Leftwing candidate Pedro Castillo inched into the lead in Peru’s presidential election on Monday, prompting the Peruvian currency, stocks and bonds to fall on expectations he would seal a dramatic victory.
With 94 per cent of the vote counted, Castillo had 50.1 per cent to 49.9 per cent for Keiko Fujimori, his rival — a difference of just 26,000 votes from a potential electorate of 24.3m people. Earlier on Monday Fujimori had been nearly 100,000 votes ahead.
Many of the remaining tallies were due to come in from rural areas, where Castillo is strongest. However, there were also ballots to be counted from Peruvians living abroad, which are likely to favour Fujimori.
“[It] is too close to call, but based on the vote counting dynamics of the last few hours it seems to be leaning very slightly in favour of . . . Castillo,” said Alberto Ramos, head of Latin American economics at Goldman Sachs.
The sol, which has depreciated sharply in recent weeks in anticipation of a possible Castillo victory, lost more than 2 per cent against the dollar to trade at about 3.90, an all-time low.
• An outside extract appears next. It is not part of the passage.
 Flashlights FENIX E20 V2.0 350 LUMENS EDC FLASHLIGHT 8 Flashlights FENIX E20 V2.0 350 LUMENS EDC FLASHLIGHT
Peruvian stocks plummeted, with the S&P/BVL Peru General index roughly 7 per cent lower on the day in New York. The country’s dollar bonds also came under pressure. One note set to mature in 2050 saw its price drop roughly 2 per cent to 129 cents on the dollar. Another dollar bond maturing in 2031 fell more than 1 per cent to 99 cents on the dollar.
“We anticipate volatility for Peruvian assets and note that demonstrations against results from both sides is a possibility given the tightness of the race,” Citibank noted.
The election has been an extraordinary tussle between populists from opposite ends of the political spectrum.
Castillo is a rural primary school teacher turned hard-left crusader for the downtrodden, while Fujimori is the widely disliked daughter of Peru’s authoritarian former president Alberto Fujimori.
The prospect of a Castillo victory has sparked panic and capital flight among the Peruvian elite. The sol has depreciated further against the dollar than any other currency in the world since the first round of voting in April, when Castillo first emerged as a frontrunner. Dollar-sol transactions have jumped by about 20 per cent in the past month.
Free Peru, Castillo’s party, is led by a Marxist advocating nationalisation, higher taxes, a new constitution and a curb on imports in one of the world’s biggest producers of copper, zinc and precious metals. Fujimori, in contrast, largely defends Peru’s economic model.
Castillo has roused people in poor, neglected villages in the Andes with a simple but powerful message: “No more poor people in a rich country.” Fujimori’s bid to become Peru’s first female president, meanwhile, has been complicated by corruption allegations that she denies.
Whoever wins will not have a majority in congress. Castillo’s party has 37 of the 130 seats in Peru’s unicameral parliament while Fujimori’s has just 24, although the house is packed with other rightwing parties that might be prepared to cut deals with her and make Castillo’s life difficult.